#### [What is required]
Having located the line with "Elements of Design", repeat it and all remaining lines of the records exactly. Pictures do not belong in the answer.

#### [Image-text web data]

***

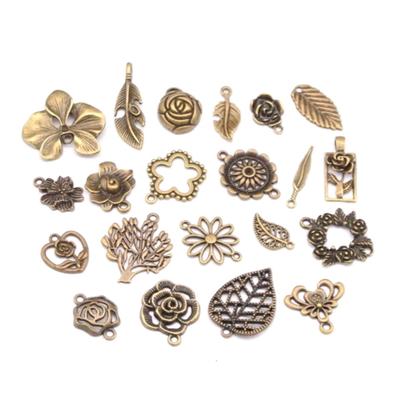 10 Heart Charms Antiqued Bronze Miniature Heart Charms BULK Charms Lot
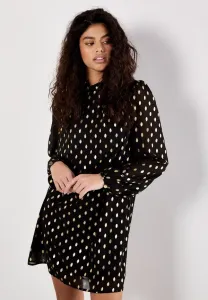 Мини-Платье с фольгированным принтом в горошек Apricot, Black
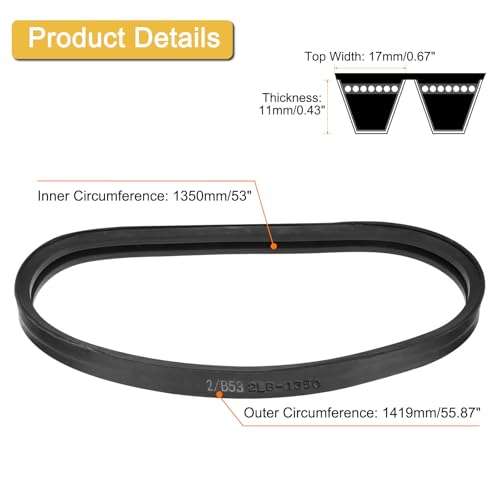 uxcell 1 Pack 2/B53 Classic Wrapped 2 Banded V-Belt, 56" Outside Circumference Wrapped 2 Banded Industrial Rubber V-Belt B Profile V-Belt for Industrial Machinery Equipment, Black - size: 2/B53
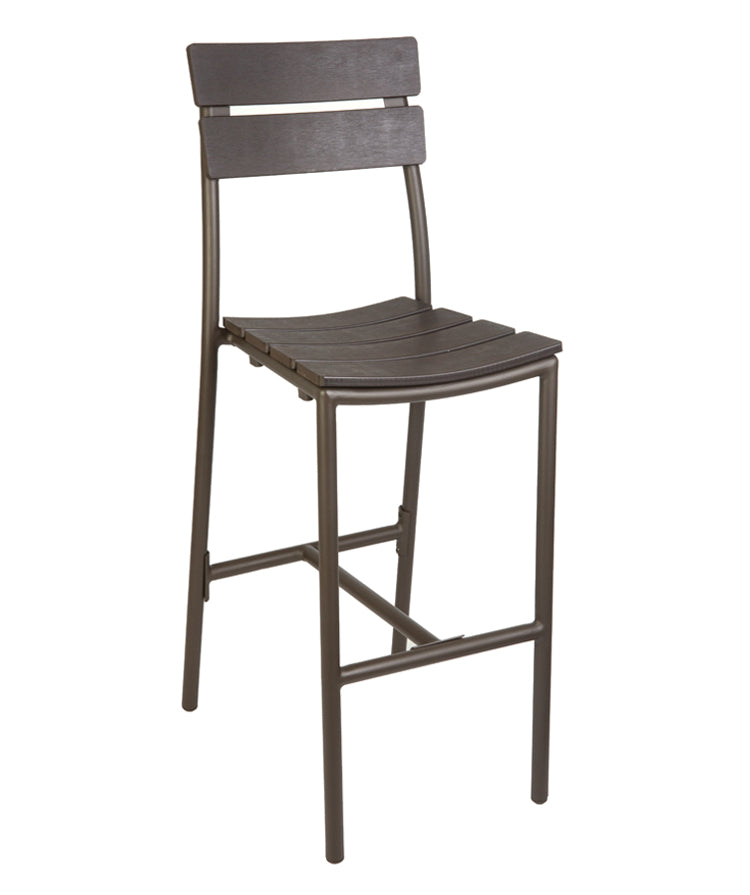 BMF Seating Bayview Barstool - Walnut Synthetic Wood - Powder Coated Aluminum - Bronze
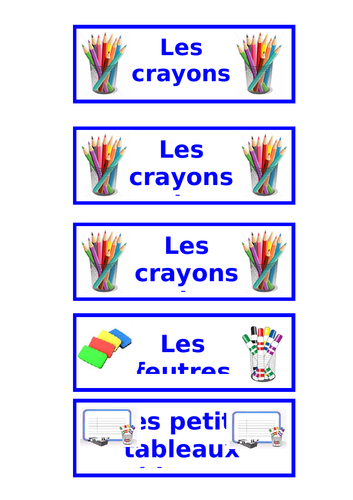 French Stationery Item Labels for Classroom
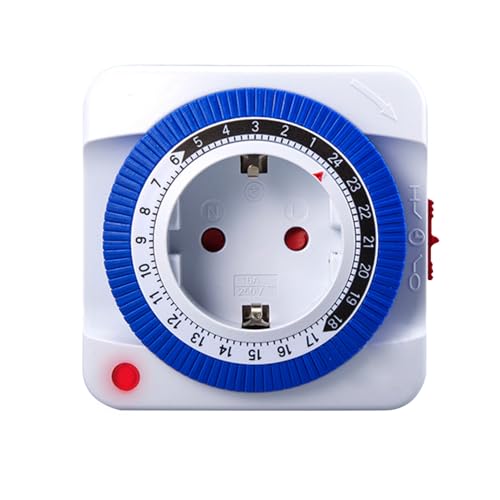 Jadeshay Presa Temporizzata,Programmatore Timer 24 Ore 96 Segmenti di Commutazione Regolabile Timer Meccanico 16A con Spina Schuko per Luci Lampade e Elettrodomestici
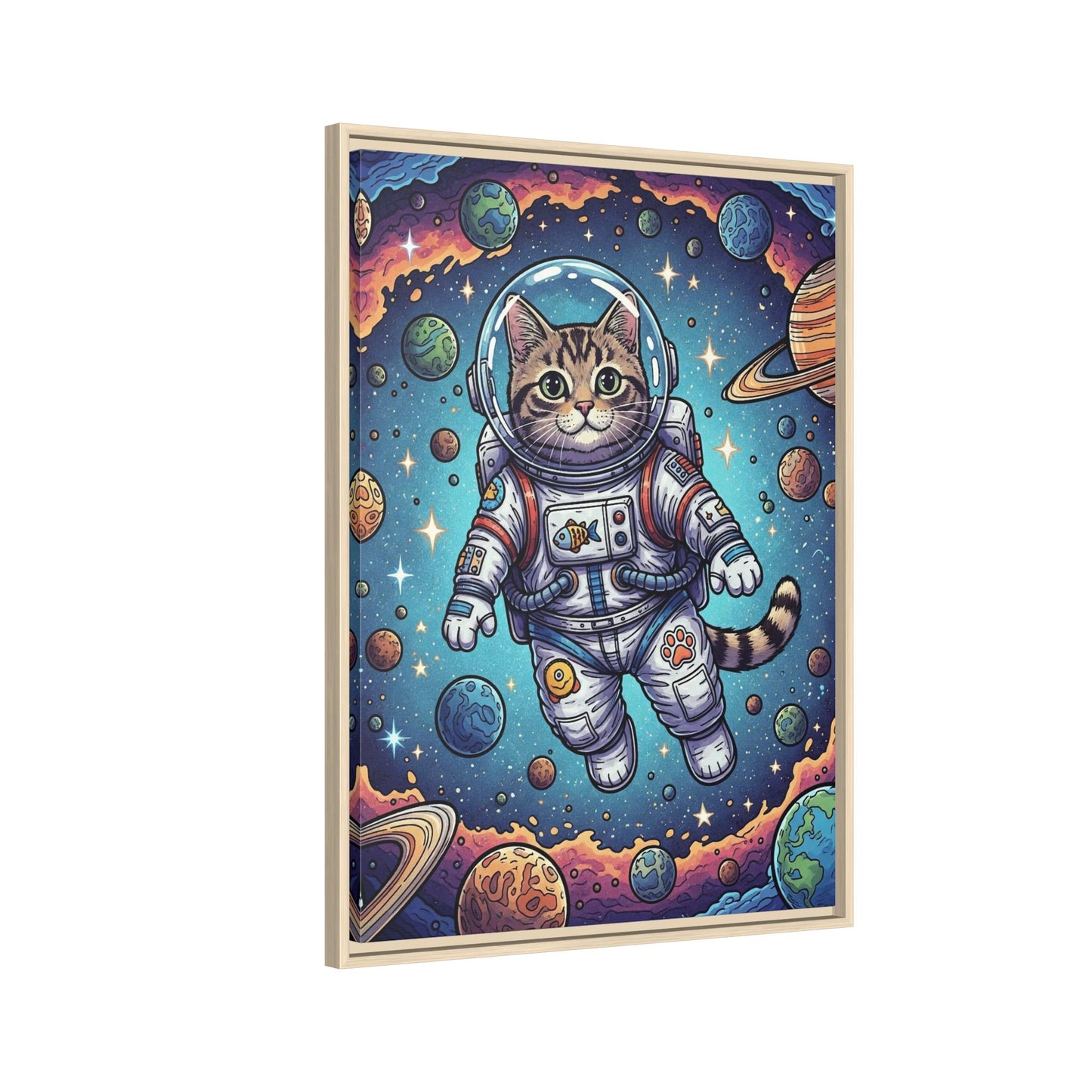 Astronaut Cat - Framed Canvas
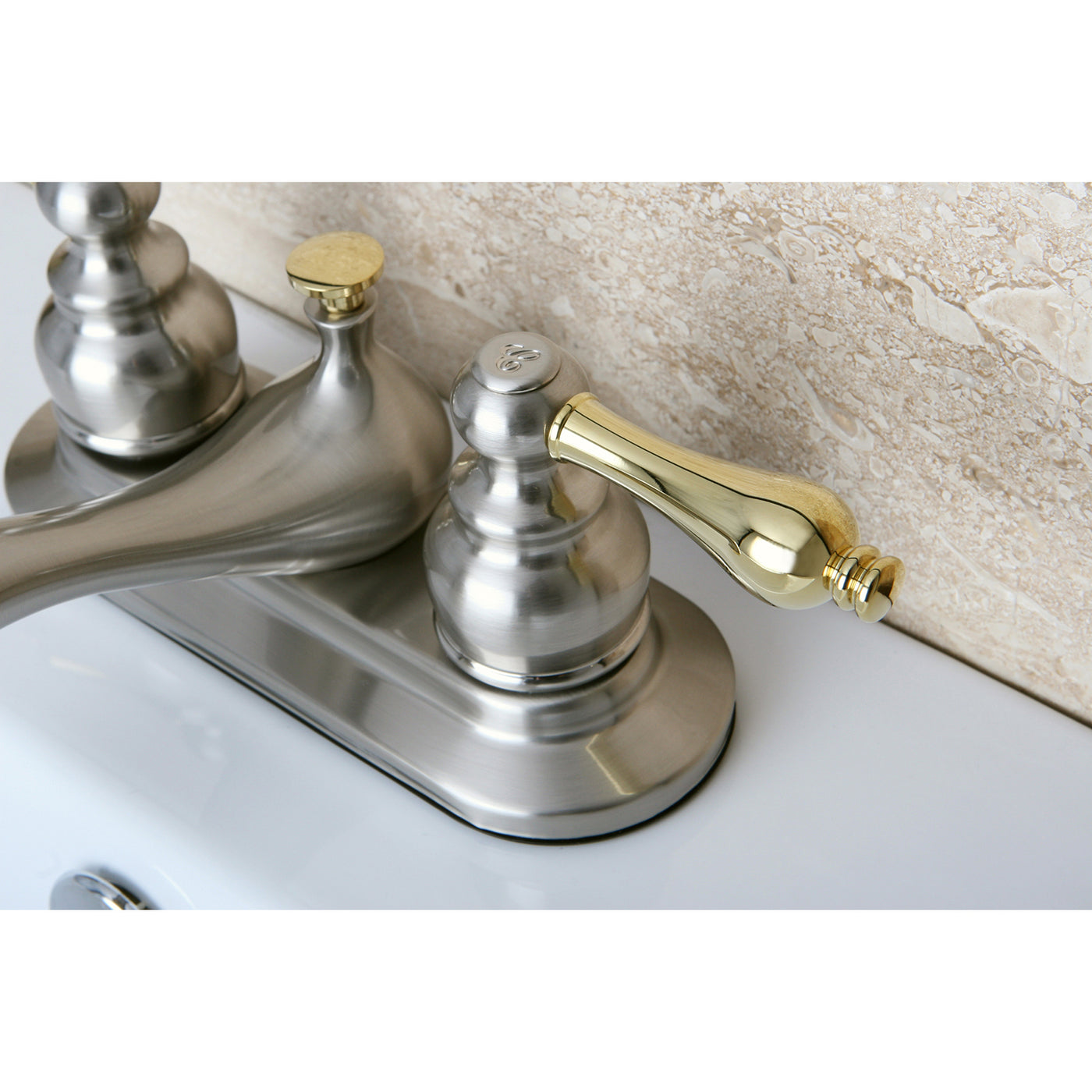 Elements of Design EB609AL 4-Inch Centerset Bathroom Faucet, Brushed Nickel/Polished Brass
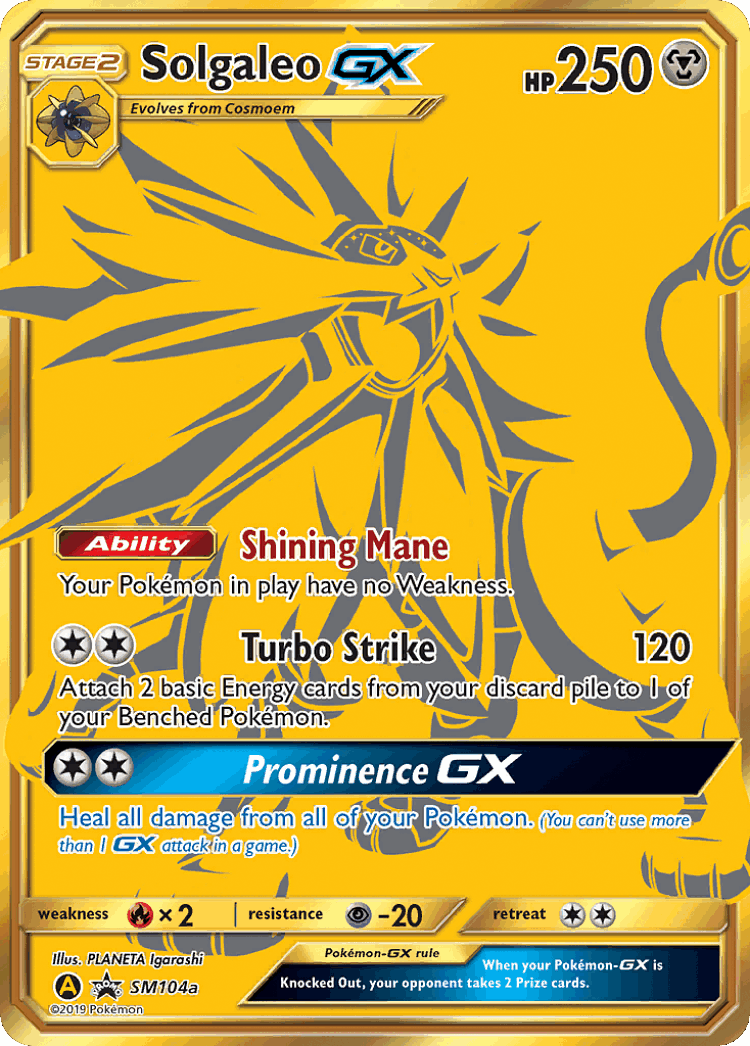 Solgaleo-GX #104 from SM Black Star Promos - Promo - Illustrated by PLANETA Igarashi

***

#### [Response]
 Elements of Design EB609AL 4-Inch Centerset Bathroom Faucet, Brushed Nickel/Polished Brass
 Solgaleo-GX #104 from SM Black Star Promos - Promo - Illustrated by PLANETA Igarashi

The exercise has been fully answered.